From the grocery store here in Durham to the elegant sewing shop in Carrboro, people are discussing what they think is the matter at hand with House Bill 2. People are talking about bathrooms. This piece of legislation was not a slapped-together debacle. It represents a well-crafted strategy. As Nina Martin wrote in her April 5 essay for ProPublica, “Tucked inside is language that strips North Carolina workers of the ability to sue under a state anti-discrimination law, a right that has been upheld in court since 1985.” Martin quotes Erika K. Wilson, a law professor at the University of North Carolina who specializes in civil law, as saying “The LGBT issues were a Trojan horse.” Martin further notes that this legislation is part of a “burgeoning trend in which conservatives are exploiting a backlash against gay marriage and transgender rights to push legislation with broad ramifications.” Martin quotes Katherine Franke, director of Columbia Law School’s Center for Gender and Sexuality Law, as noting these lawmakers “seek to unravel protections against race discrimination in public accommodations and other contexts.”
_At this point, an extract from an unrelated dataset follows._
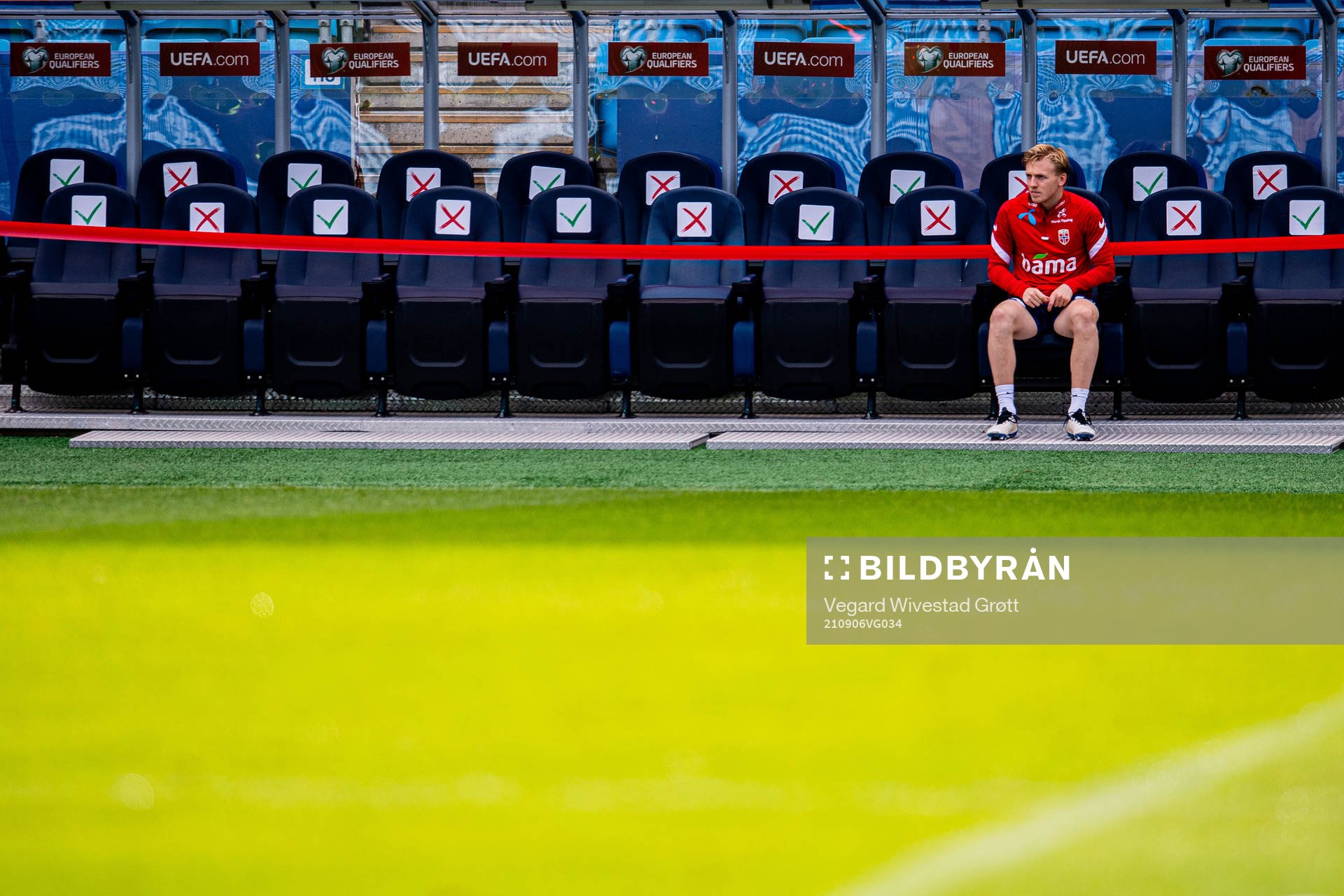 Mats Møller Dæhli of the Norwegian national football team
This legislation takes particular human beings, walking around in the world as children of God, and names them as a source of moral chaos. North Carolina House Bill 2 uses fear about gender and sexuality as a wedge to undermine the dignity and safety of workers during this second Great Depression. It is evil, and it is brilliant. The legislation combines a tactic known as scapegoating with the Trojan Horse trick. House Bill 2 is a Trojan Goat. When people are struggling to pay the rent or the mortgage, when our public schools are being intentionally under-funded and undermined, when we are told repeatedly to work harder and to juggle more responsibilities, apparently something has to give. Enter the scapegoat, in this case a person who is not definitively marked as part of a gender-binary of male or female, and some of us somehow find satisfaction in discussing that human being as a central problem in the world. We discuss this person and where they will urinate as if we are having a meaningful discussion. This scapegoating strategy distracts us from focusing on ways that almost everyone is being treated horribly within our current economic system, and it sneaks past us the “broad ramifications” of the legislation.
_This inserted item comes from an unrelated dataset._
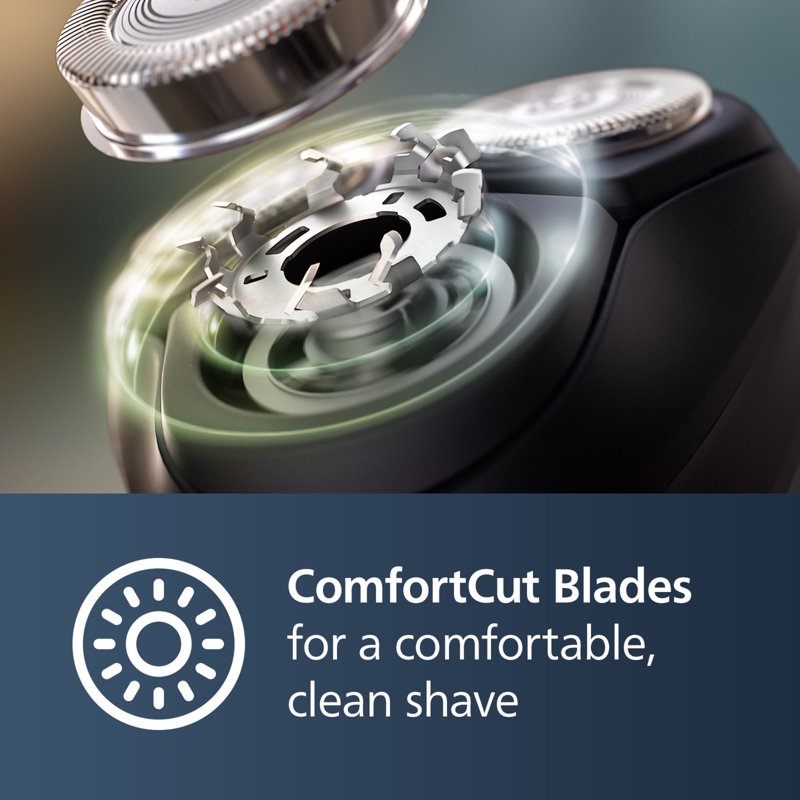 Cordless Electric Shaver with Pop-Up Trimmer - Wet & Dry Grooming Razor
Given this Trojan Goat trick, how should we best argue against House Bill 2? I think the worst way to argue against House Bill 2 is to say it is bad for business. Amendment 1, which has now been declared unconstitutional, had North Carolinians making this same sort of argument. Reacting to the shame of appearing miserably retrograde on gender and sexuality, people argued that North Carolina needed to assert ourselves again as properly progressive, cosmopolitan, and open for business. Here is the problem with this argument. This argument relies on a logic that human beings are assets. It relies on a logic that our state needs properly to dress ourselves up to impress people with money to invest, so that they will come and employ us. Goodness knows North Carolina needs jobs, but people are not primarily assets, or worker bees. People are human beings. The kind of horrible that is House Bill 2 is best countered by reminding ourselves that we, and our neighbors, deserve to be treated with dignity. The best argument against the hired bullies who are trying to intimidate, shame, and distract us is to refuse to be intimidated, shamed, or distracted.
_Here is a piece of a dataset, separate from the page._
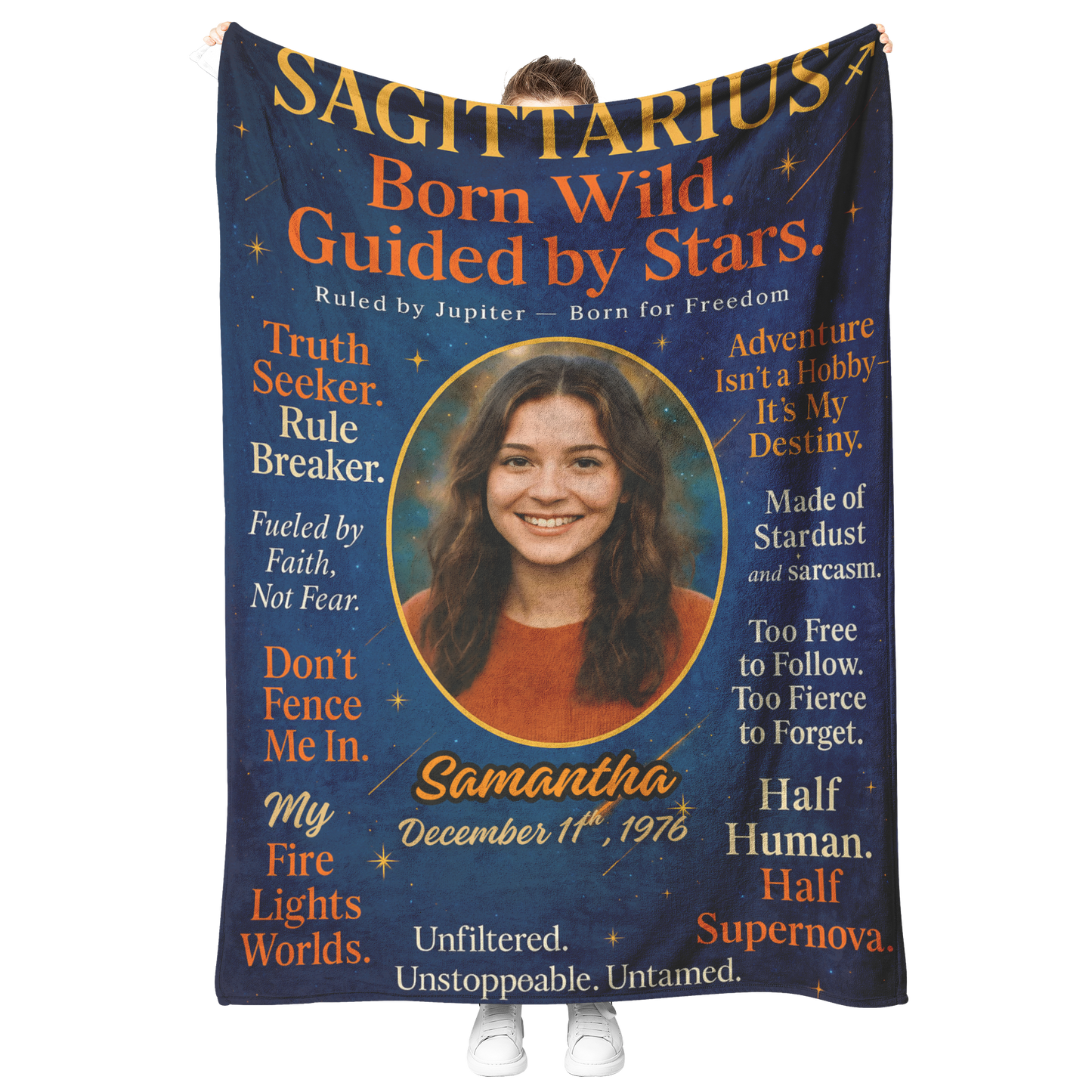 Sagittarius_Zodiac_Blanket__Born_W_V_Blanket_Model_Mockup.png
People who are not immediately identifiable as conforming to the biological sex on their birth certificate are not dangerous. The idea that people who are transgender are walking around menacing others is patently false. It is much more dangerous to walk around in the world as a person who is transgender than it is to walk around in the world as someone who is immediately identified as on the far side of what counts as feminine or masculine. And, there are people of every unique sort of beautiful working here who have to fight daily for the right even to take a bathroom break in any bathroom, however the bathroom is marked. So, rather than succumbing to the Trojan Goating going on, people who wear dresses and people who wear pants can stand up for one another in our workplaces. We can remind one another daily that we are not primarily worker bees, desperate for a suitably impressed beekeeper to come to North Carolina and employ us. We are, each one of us, worthy of being treated like human beings. I do not care one fig whether that assertion of our particular, unique, absolutely inviolable human dignity is “good” or “bad” for business.